Pertanyaan 92 : Si A dan si B bersuami isteri . bertahun- tahun tidak mampunyai Anak. Dikarenakan mereka tidak bisa mendapat anak lalu mereka bercerai. Setelah lepas iddah, bekas isteri itu lalu dinikah ( dikawini ) sama si C . Lama-lama kira-kira satahun antara si A dan C dikaruniai seorang anak. Anaknya perempuan. Setelah besar dikawin anaknya itu sama si B, bekas suami Ibunya. Bagaimanakah hukumnya shah atau tidak ?
Jawab :
Diantara yang diharamkan kita mengawininya dan tidak shah adalah Robaib, yaitu jama dari kata Robibah artinya : anak perempuannya isteri kita dari orang lain. Dan keharamannya adalah disyaratkan apabila ibunya sudah kita dukhul. Akan tetapi apabila kita kawini ibunya , lalu kita ceraikan sebelum didukhul, maka tidaklah haram untuk mengawini anaknya. Jadi keharaman mengawini robibah, atau anak tiri , adalah apabila ibunya sudah didukhul. Dengan demikian daptlah kita ketahui, bahwa sebab keharaman mengawini anak perempuannya isteri itu adalah ditekankan apabila ibunya sudah didukhul. Jadi wanita yang pernah kita dukhuli dengan nikah , haramlah atas kita mengawini anak perempuannya. Sama ada anak perempuan yang sudah ada waktu kiita mendukhulinya, ataupun yang belum ada. Karena semua itu disebut juga robibah atau anak perempuan isteri. Firman Allah SWT dalam Surat An-nisa’ ayat 23
23. diharamkan atas kamu (mengawini) ibu-ibumu; anak-anakmu yang perempuan[281]; saudara-saudaramu yang perempuan, saudara-saudara bapakmu yang perempuan; saudara-saudara ibumu yang perempuan; anak-anak perempuan dari saudara-saudaramu yang laki-laki; anak-anak perempuan dari saudara-saudaramu yang perempuan; ibu-ibumu yang menyusui kamu; saudara perempuan sepersusuan; ibu-ibu isterimu (mertua); anak-anak isterimu yang dalam pemeliharaanmu dari isteri yang telah kamu campuri, tetapi jika kamu belum campur dengan isterimu itu (dan sudah kamu ceraikan), Maka tidak berdosa kamu mengawininya; (dan diharamkan bagimu) isteri-isteri anak kandungmu (menantu); dan menghimpunkan (dalam perkawinan) dua perempuan yang bersaudara, kecuali yang telah terjadi pada masa lampau; Sesungguhnya Allah Maha Pengampun lagi Maha Penyayang.

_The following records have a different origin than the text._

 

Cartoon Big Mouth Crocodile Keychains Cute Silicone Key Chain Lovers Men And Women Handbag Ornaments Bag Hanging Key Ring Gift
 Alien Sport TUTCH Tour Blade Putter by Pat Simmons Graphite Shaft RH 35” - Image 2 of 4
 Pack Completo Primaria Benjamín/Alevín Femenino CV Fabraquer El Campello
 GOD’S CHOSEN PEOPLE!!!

[281] Maksud ibu di sini ialah ibu, nenek dan seterusnya ke atas. dan yang dimaksud dengan anak perempuan ialah anak perempuan, cucu perempuan dan seterusnya ke bawah, demikian juga yang lain-lainnya. sedang yang dimaksud dengan anak-anak isterimu yang dalam pemeliharaanmu, menurut jumhur ulama Termasuk juga anak tiri yang tidak dalam pemeliharaannya.

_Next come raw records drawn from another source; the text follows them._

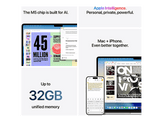 APPLE MacBook Air (2026) - 15 pouces - M5 (15 CPU/10 GPU) - 16 GB - 1 TB - Silver - AZERTY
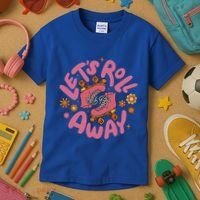 Let's Roll Away Skate Kids T-Shirt thumb 3
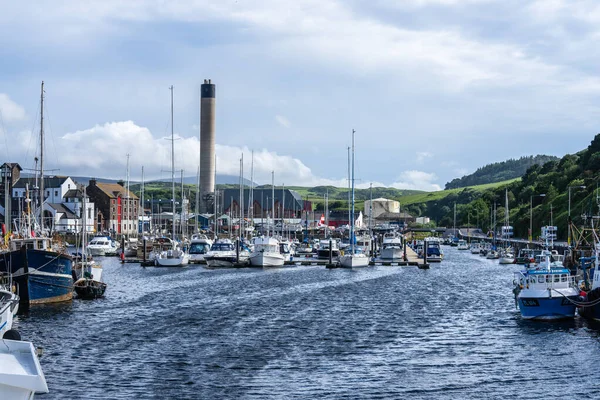 Peel, Isle of Man, 16 Ιουνίου 2019. Είναι μια παραθαλάσσια πόλη και μικρό αλιευτικό λιμάνι στη Νήσο του Μαν, στην ιστορική ενορία της Γερμανίας, αλλά διοικείται ξεχωριστά — Φωτογραφία Αρχείου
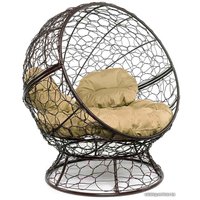 Кресло M-Group Апельсин 11520201 (коричневый ротанг/бежевая подушка)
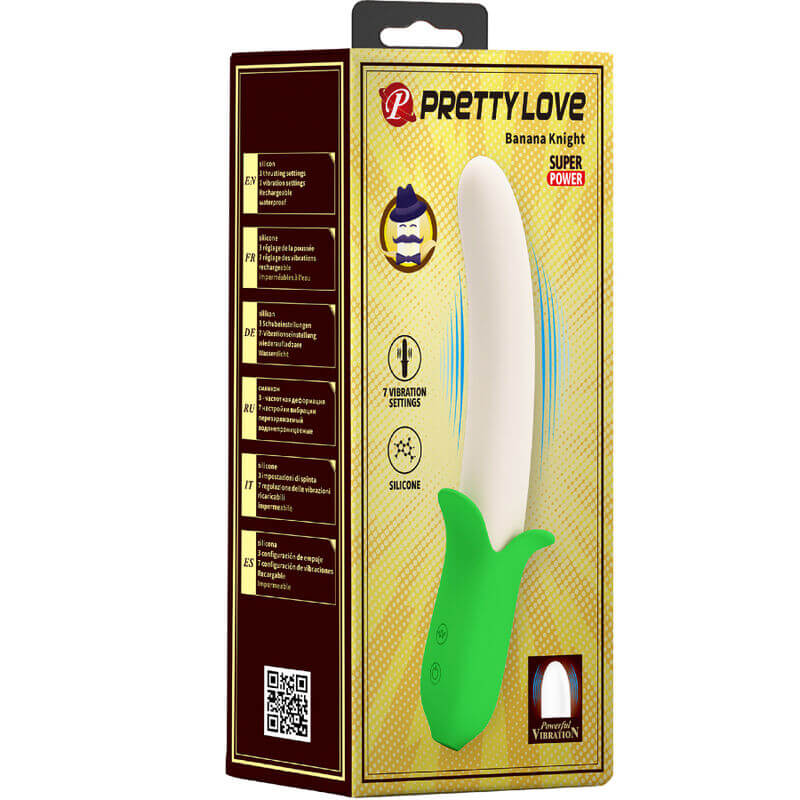 PRETTY LOVE - BANANA KNIGHT SUPER POWER 7 VIBRAÕES DE SILICONE - Sexshoptuga  Sexshoptuga 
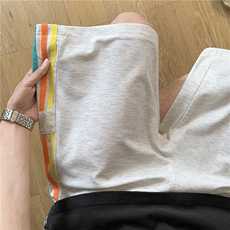 现货！夏季三条杠运动休闲短裤抖音得物可送样A061-AD01099特批25，男装牛仔裤，电商A061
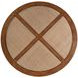 Bali Breeze Brown 42" Round Coffee Table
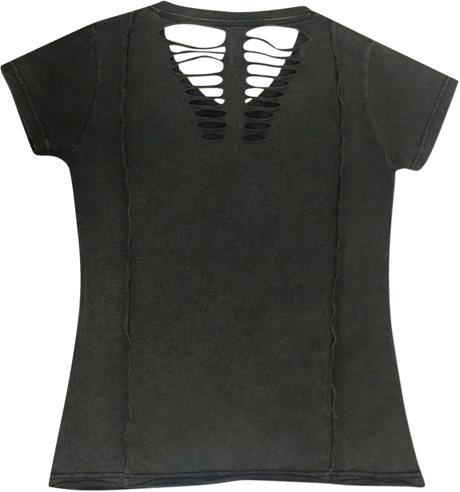 LETHAL THREAT Women's Dagger Skull T-Shirt - Gray - XL LA20707XL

Artinya :Dan diharmkan atas kamu , anak – anak tiri yang pada ghalibnya berada dalam perawatan kamu , dari isteri-isterikamu yang kamu telah mendukhuli mereka itu. Maka jika belum kamu dukhuli mereka, maka tidaklah berdosa atas kamu mengawini anak-anak perempuan mereka
Tersebutlah pula dalam kitab Al Muhazzab juz II halaman 42 sebagai berikut :
ويحرم عليه ابنة المرأة بنفس العقدتحريم جمع لأنه إذا حرم عليه الجمع بين المرأة و أختها فأن يحرم الجمع بين المرأة وابنتها أولى فإن بانت الأم قبل الدخول حلت له البنت وإن دخل بالأم حرمت عليه البنت على التأبيد لقوله تعالى :
Artinya :
Dan haram atasnya, anak perempuan dari isteri dengan semata-mata aqad sebagai keharaman menggabung, karena bahwasanya , apabila haram atasnya menggabung antara isteri dan saudaranya, maka sesungguhnyakeharaman menggabung antara isteri dan anak perempuannnya adalah lebih utama. Maka jika telah putus si ibu sebelum didukhuli, halallah baginya anak perempuannya dan jika telah didukhuli ibunya, haramlah atasnya anak perempuannya atas jalan selama-lamanya. Karena firman Allah SWT. Dan diharmkan atas kamu , anak – anak tiri yang pada ghalibnya berada dalam perawatan kamu , dari isteri-isterikamu yang kamu telah mendukhuli mereka itu. Maka jika belum kamu dukhuli mereka, maka tidaklah berdosa atas kamu mengawini anak-anak perempuan mereka
Pertanyaan 93 : Ayah saya mempunyai anak laki-laki dan adik ayah saya mempunyai anak perempuan, bolehkah kawin ? dan bagaimana hukumnya ?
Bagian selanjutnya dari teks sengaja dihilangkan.